I might be necro-posting here, but I find this interesting. The problem with the "proof" is that it tries to pass off the English language as a formal mathematical language. By what standards do we decide if a sequence of words unambiguously describes a natural number? Are those standards semantic or syntactic? Let's break it down.
If certain sequences of words unambiguously describe natural numbers, let S be the set of those sequences. Define the function f : S → N that maps each such sequence of words to the natural number that it describes. Your claim is that f is surjective. Your "proof" is as follows:
1. Suppose f is not surjective.

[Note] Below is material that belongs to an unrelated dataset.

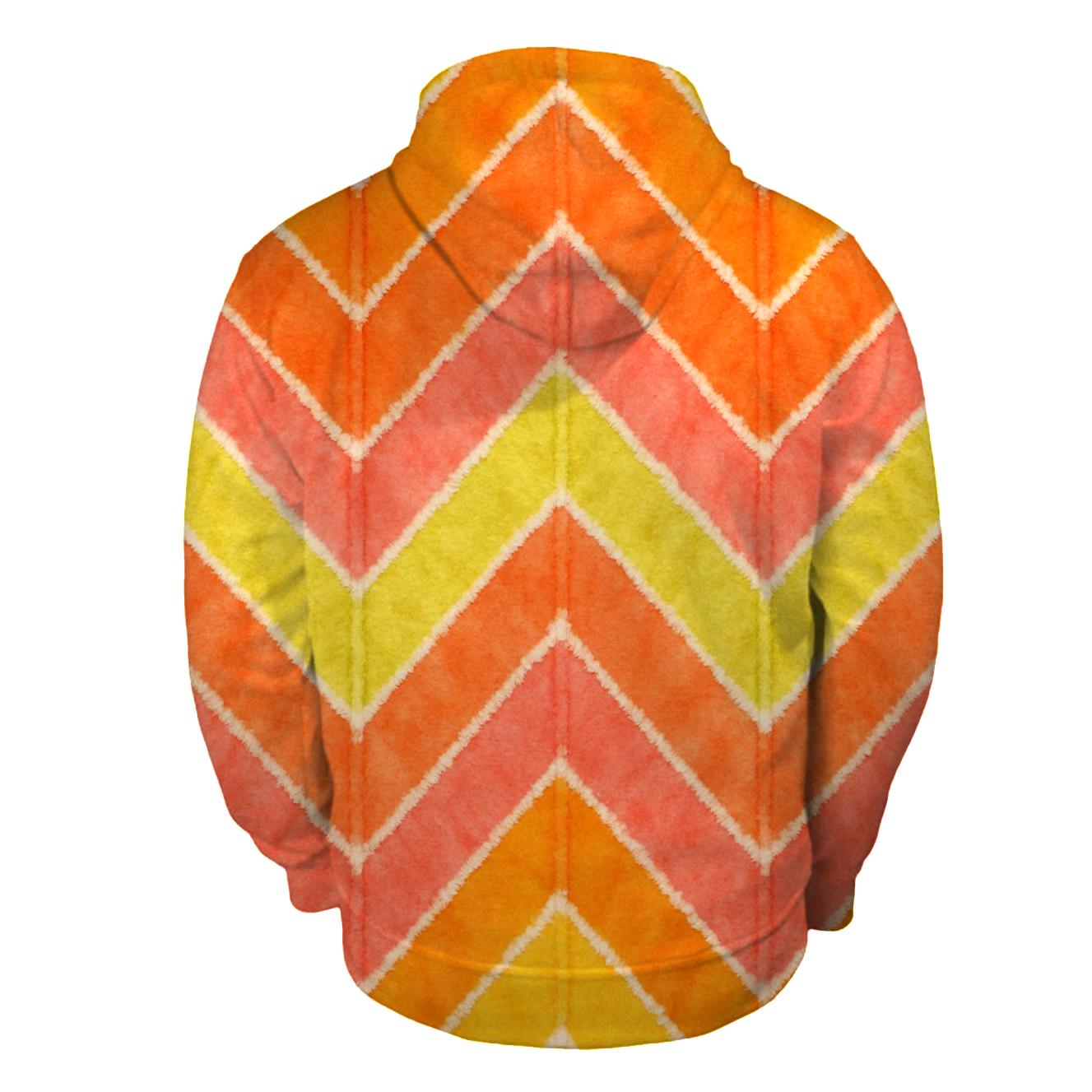 Citrus Chevron Accordion Fold zip-up hoodies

Then it misses a non-empty subset of N.
2. Any non-empty subset of N has a smallest element.
3. Thus we can define n as the smallest natural number that f misses.
4. But now f(the smallest natural number that f misses) = n. So f did not miss n, a contradiction.
5. Since assuming that f is not surjective leads to a contradiction, that assumption must be false.
6. Hence f is surjective.
This rewording of the OP should make it clearer. Notice how the phrase "the smallest natural number that f misses" is used semantically in step 3, but syntactically in step 4. If we did invent a formal mathematical language that allowed such syntax, then we have only used that piece of syntax once in our "proof". So we could just replace it with any other piece of unused syntax by argument of symmetry. Our language, our rules:
1. Suppose f is not surjective. Then it misses a non-empty subset of N.
2. Any non-empty subset of N has a smallest element.
3. Thus we can define n as the smallest natural number that f misses.
4. But now f(Mynd you, møøse bites Kan be pretti nasti...) = n. So f did not miss n, a contradiction.
5. Since assuming that f is not surjective leads to a contradiction, that assumption must be false.
6. Hence f is surjective.
By now it is made clear that step 4 is technically just a second assumption rather than a justified conclusion.